--- START ---

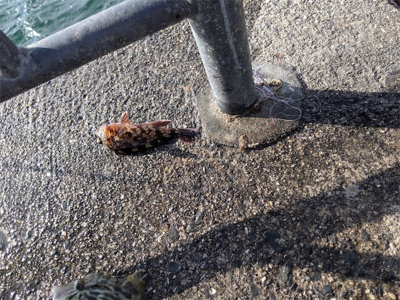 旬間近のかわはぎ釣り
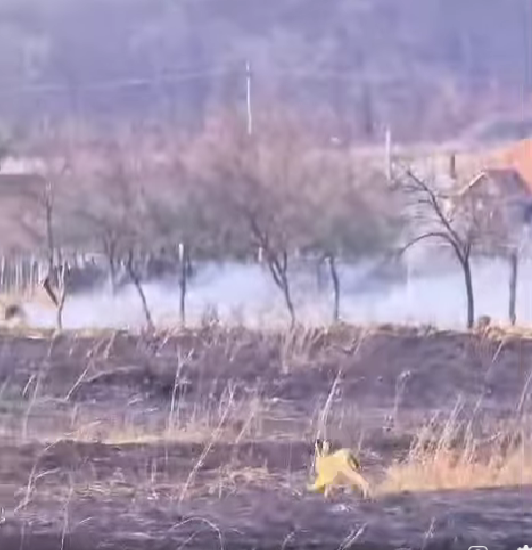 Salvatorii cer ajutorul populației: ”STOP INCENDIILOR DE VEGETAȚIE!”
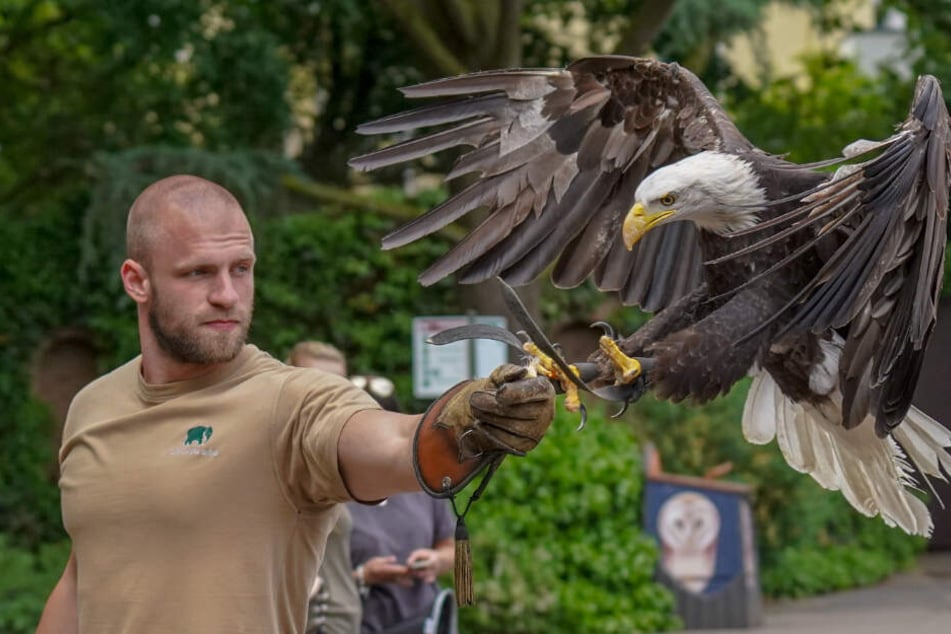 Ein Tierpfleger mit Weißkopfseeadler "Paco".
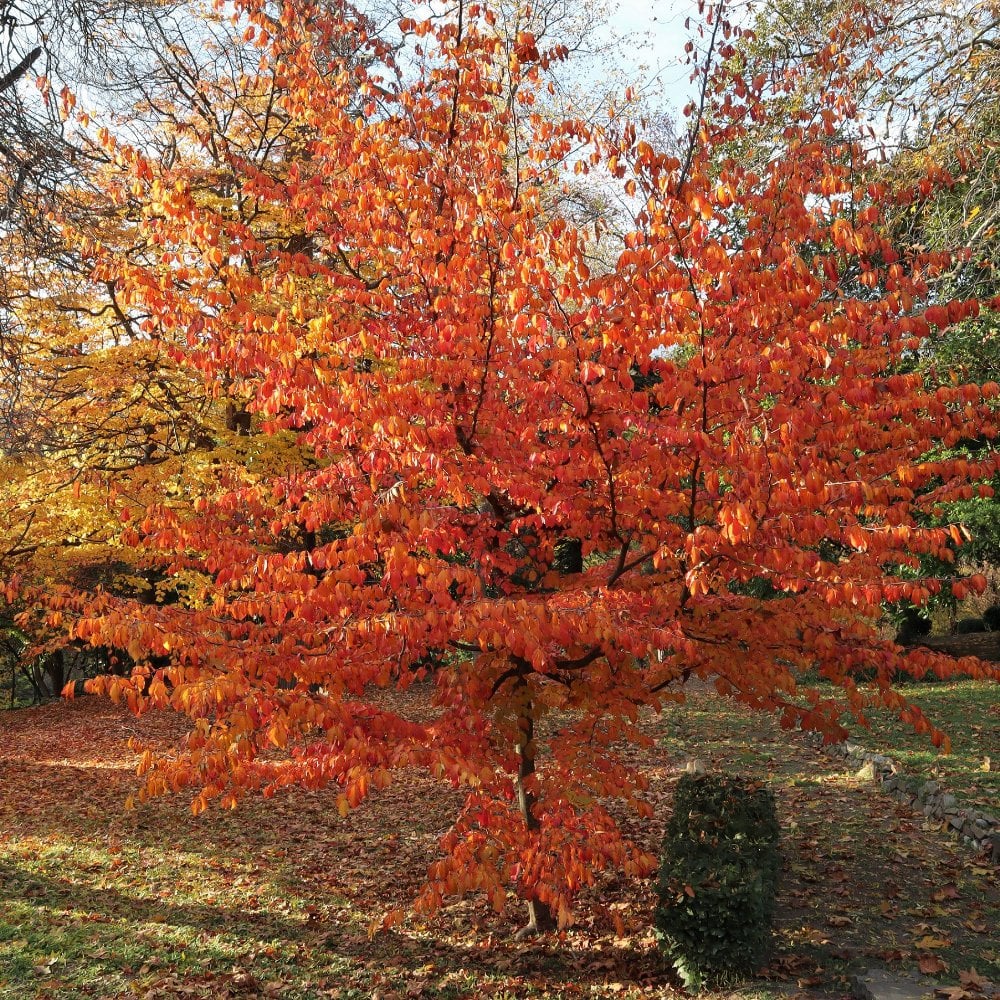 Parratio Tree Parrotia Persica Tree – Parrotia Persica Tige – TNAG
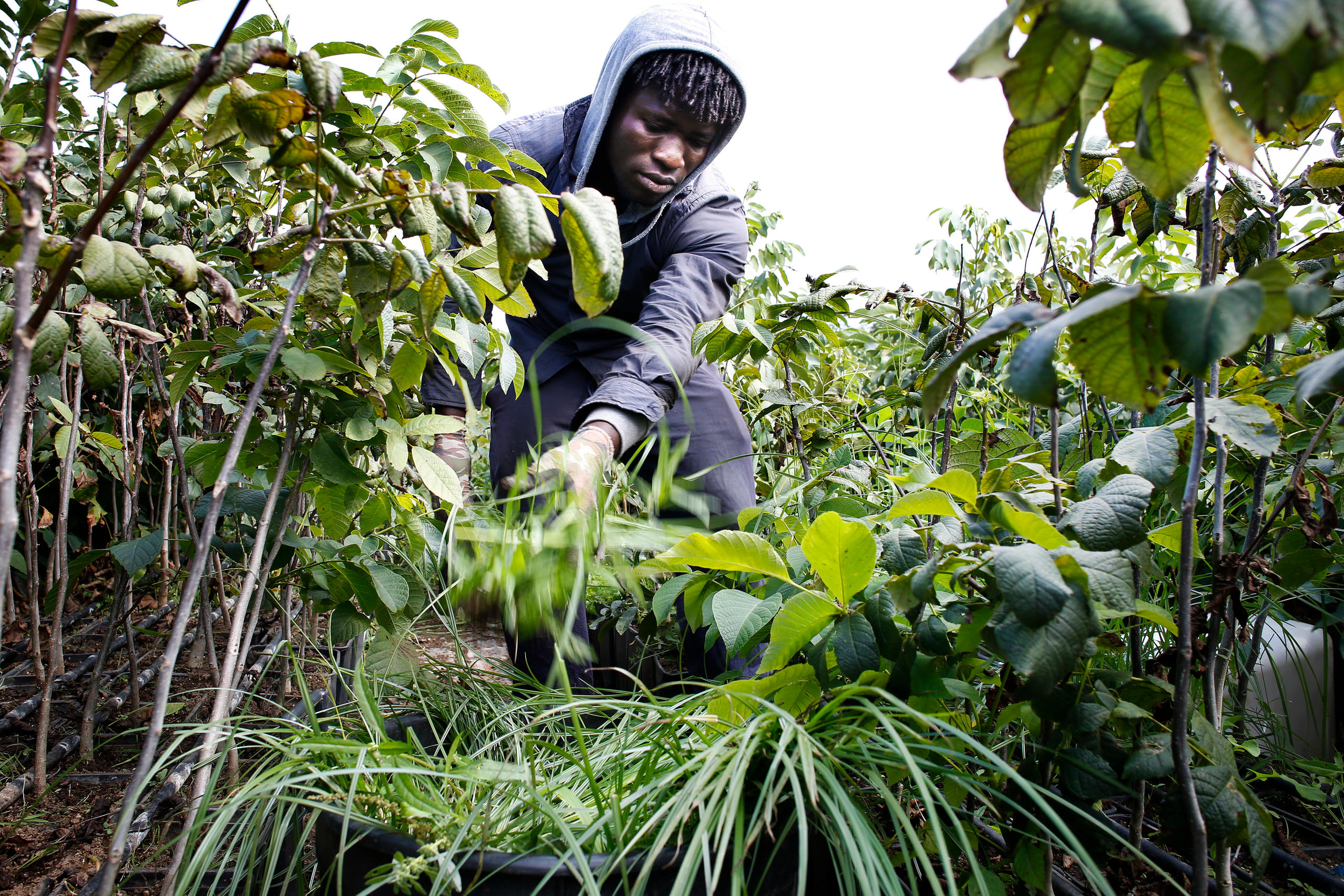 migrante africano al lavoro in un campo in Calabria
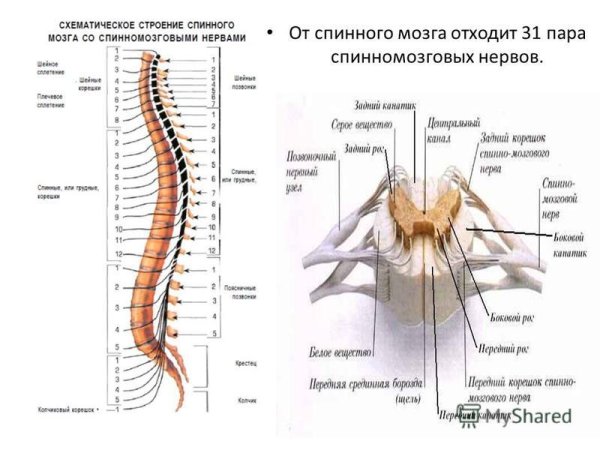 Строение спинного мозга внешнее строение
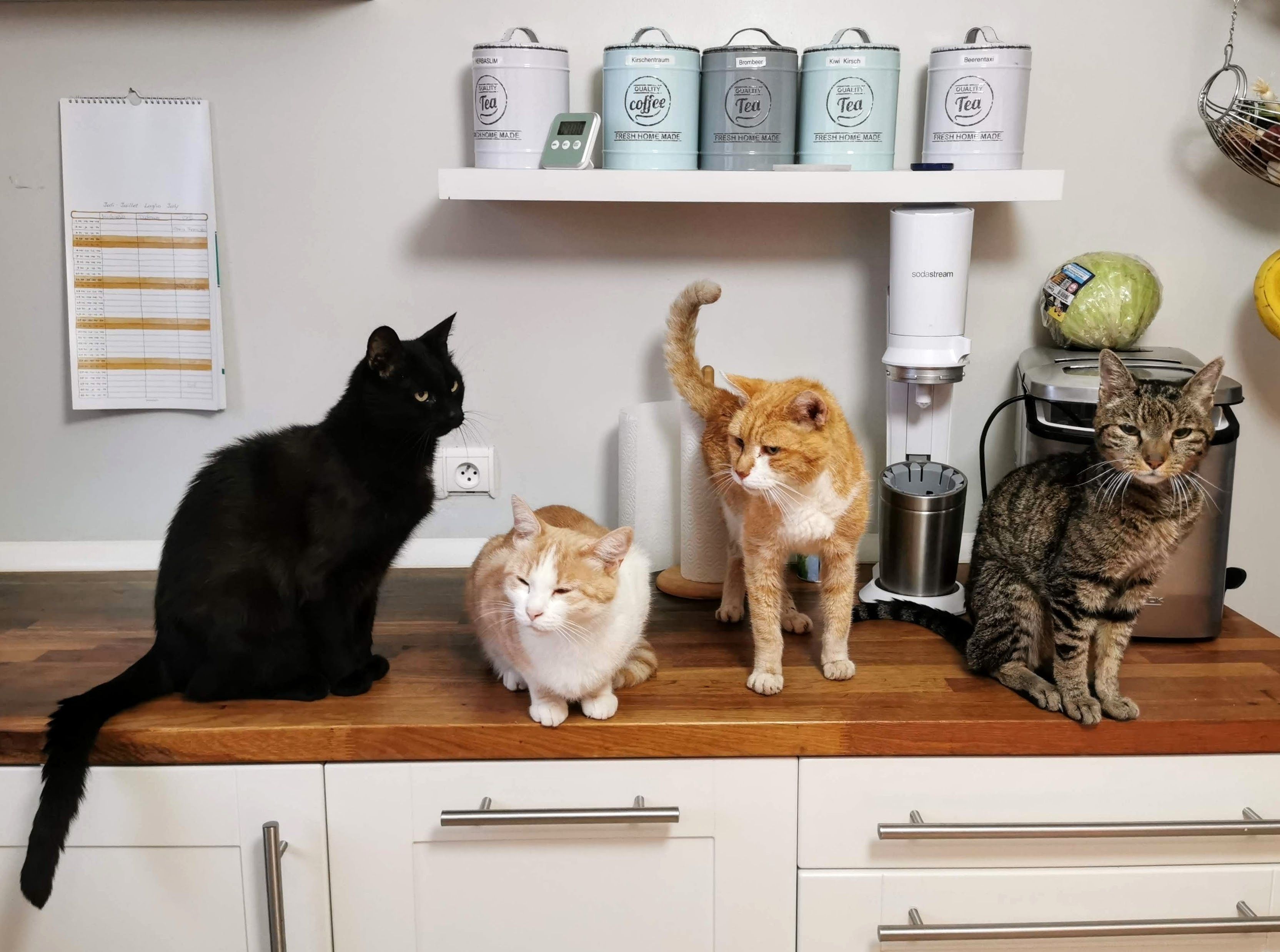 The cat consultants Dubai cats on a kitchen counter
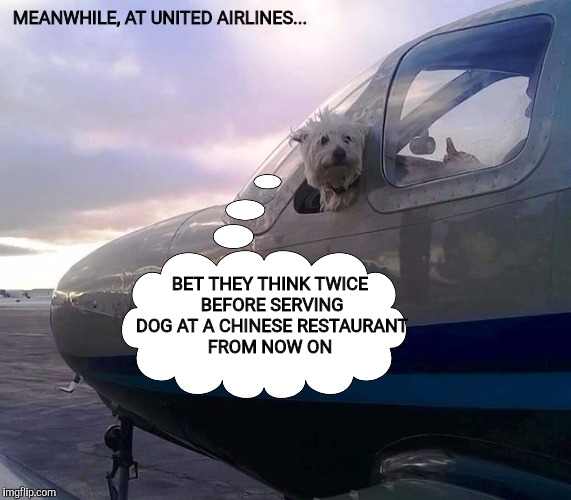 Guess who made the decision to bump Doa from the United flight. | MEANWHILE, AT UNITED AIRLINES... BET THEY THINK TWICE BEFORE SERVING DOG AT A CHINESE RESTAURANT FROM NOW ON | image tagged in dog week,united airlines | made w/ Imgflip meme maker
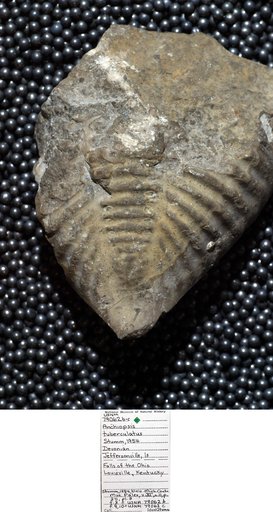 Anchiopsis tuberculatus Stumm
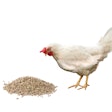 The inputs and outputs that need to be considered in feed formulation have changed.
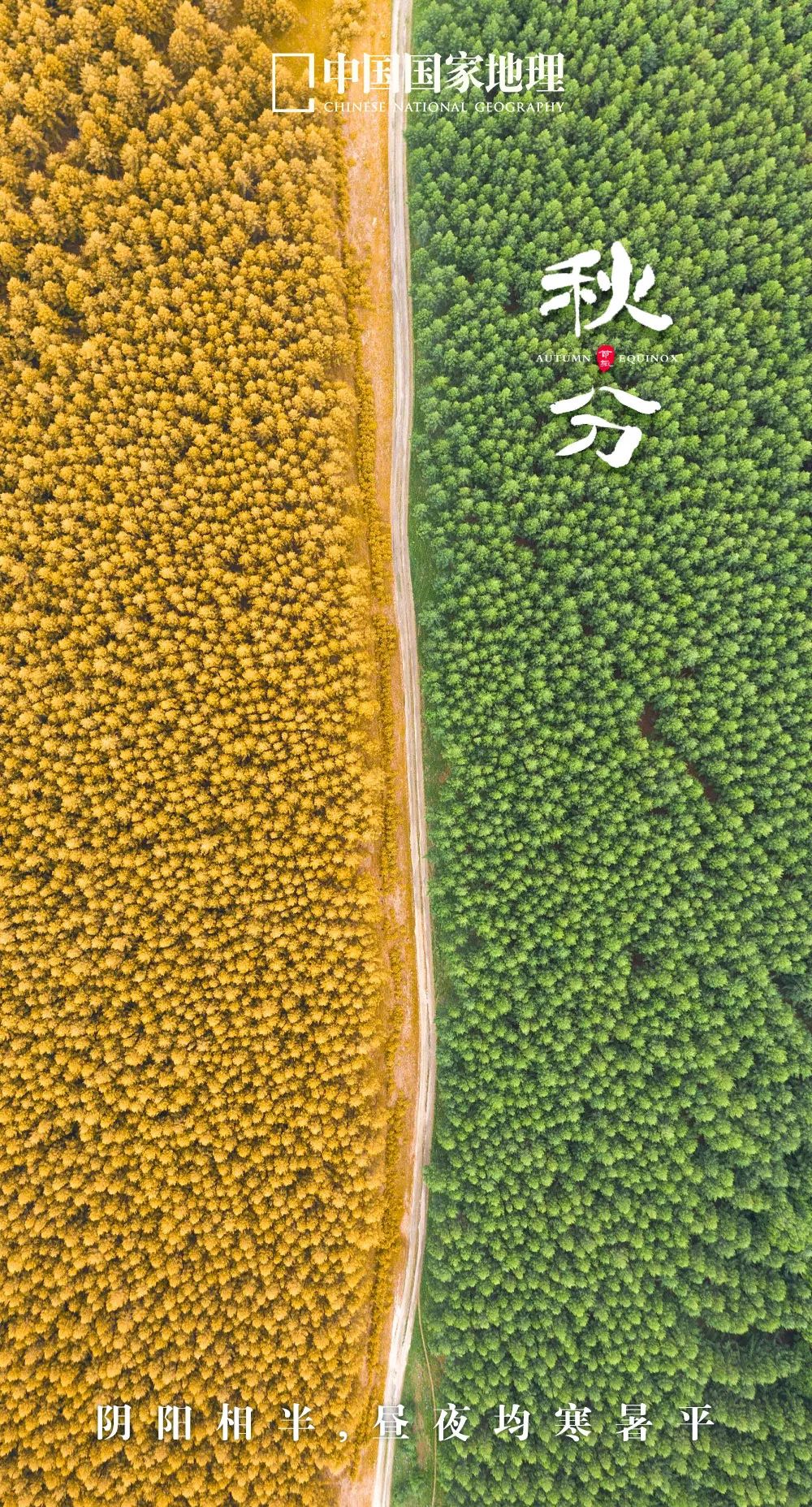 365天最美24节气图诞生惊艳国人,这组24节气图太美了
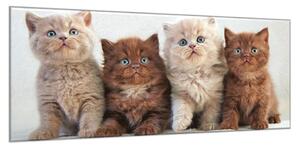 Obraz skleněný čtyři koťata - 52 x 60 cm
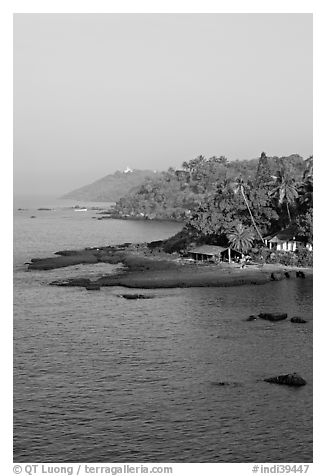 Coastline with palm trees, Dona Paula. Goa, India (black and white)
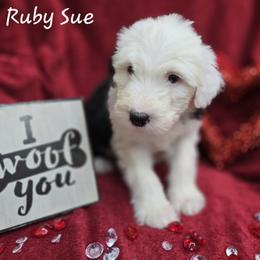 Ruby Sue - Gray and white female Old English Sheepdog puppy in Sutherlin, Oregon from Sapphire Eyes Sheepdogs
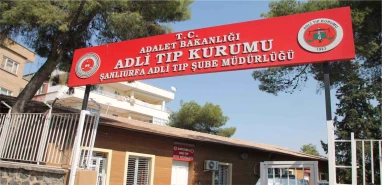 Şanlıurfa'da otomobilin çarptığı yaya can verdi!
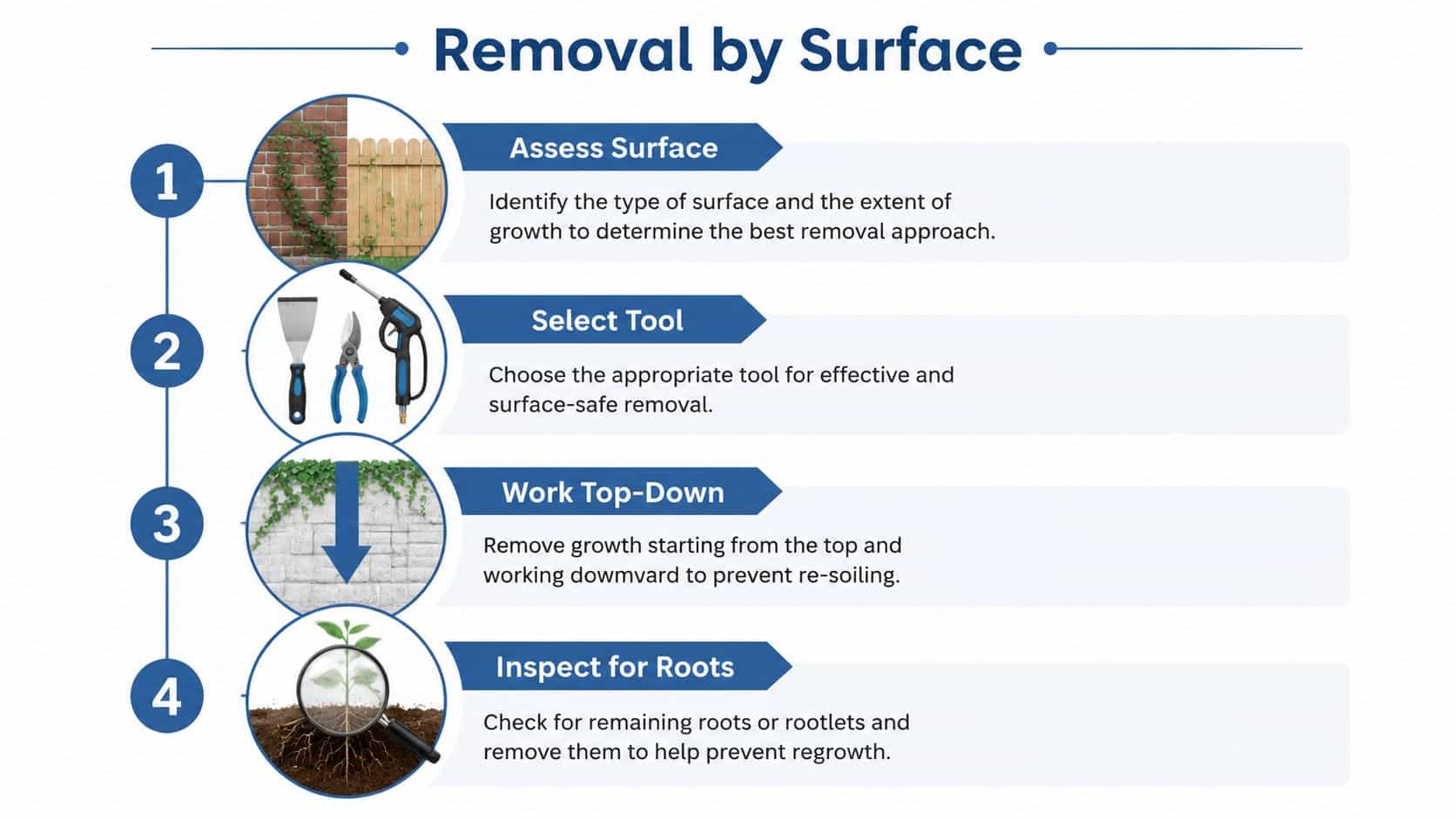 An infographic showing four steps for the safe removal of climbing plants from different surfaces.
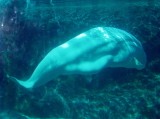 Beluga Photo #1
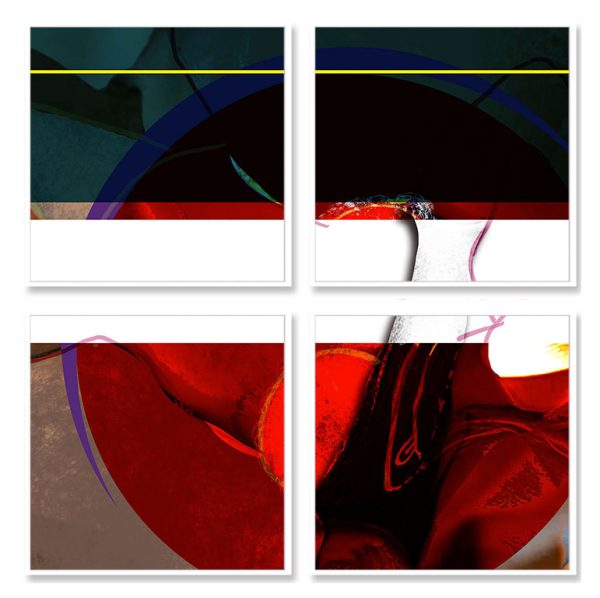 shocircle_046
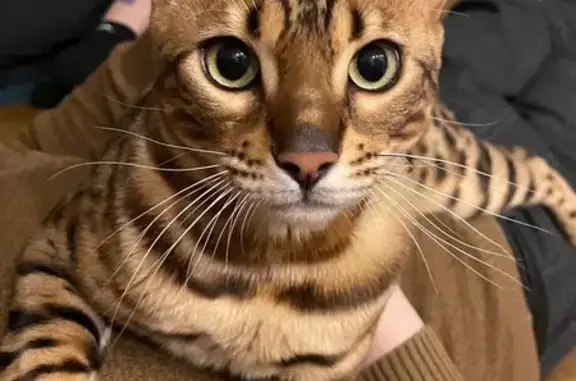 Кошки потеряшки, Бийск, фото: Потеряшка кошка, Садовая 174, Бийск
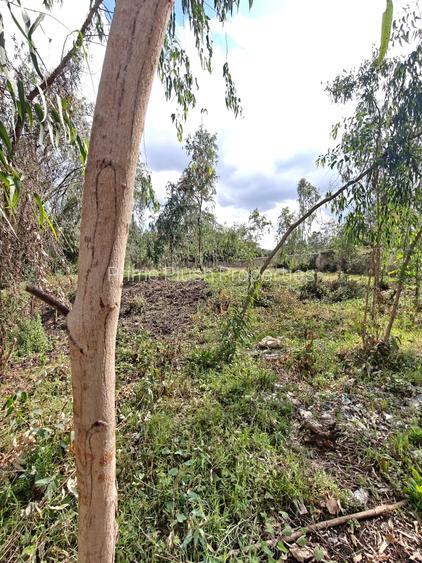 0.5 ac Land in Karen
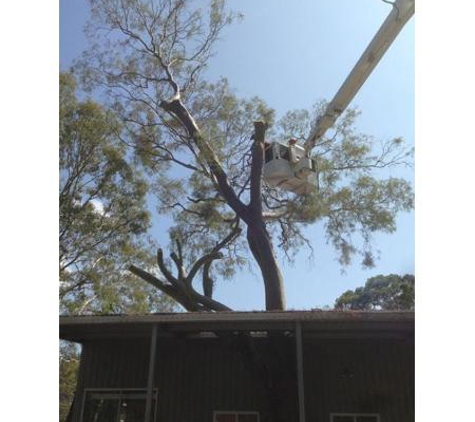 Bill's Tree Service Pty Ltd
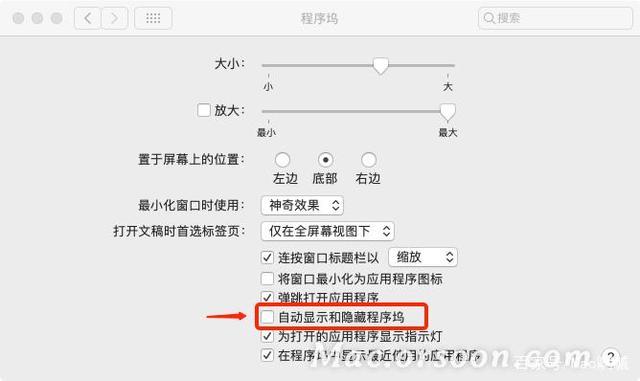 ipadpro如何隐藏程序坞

--- END ---

WHAT TO DO
Only the lines from the line holding "An infographic showing" through the last line above belong in the answer, repeated exactly; the pictures do not.

ANSWER BELOW
 An infographic showing four steps for the safe removal of climbing plants from different surfaces.
 Beluga Photo #1
 shocircle_046
 Кошки потеряшки, Бийск, фото: Потеряшка кошка, Садовая 174, Бийск
 0.5 ac Land in Karen
 Bill's Tree Service Pty Ltd
 ipadpro如何隐藏程序坞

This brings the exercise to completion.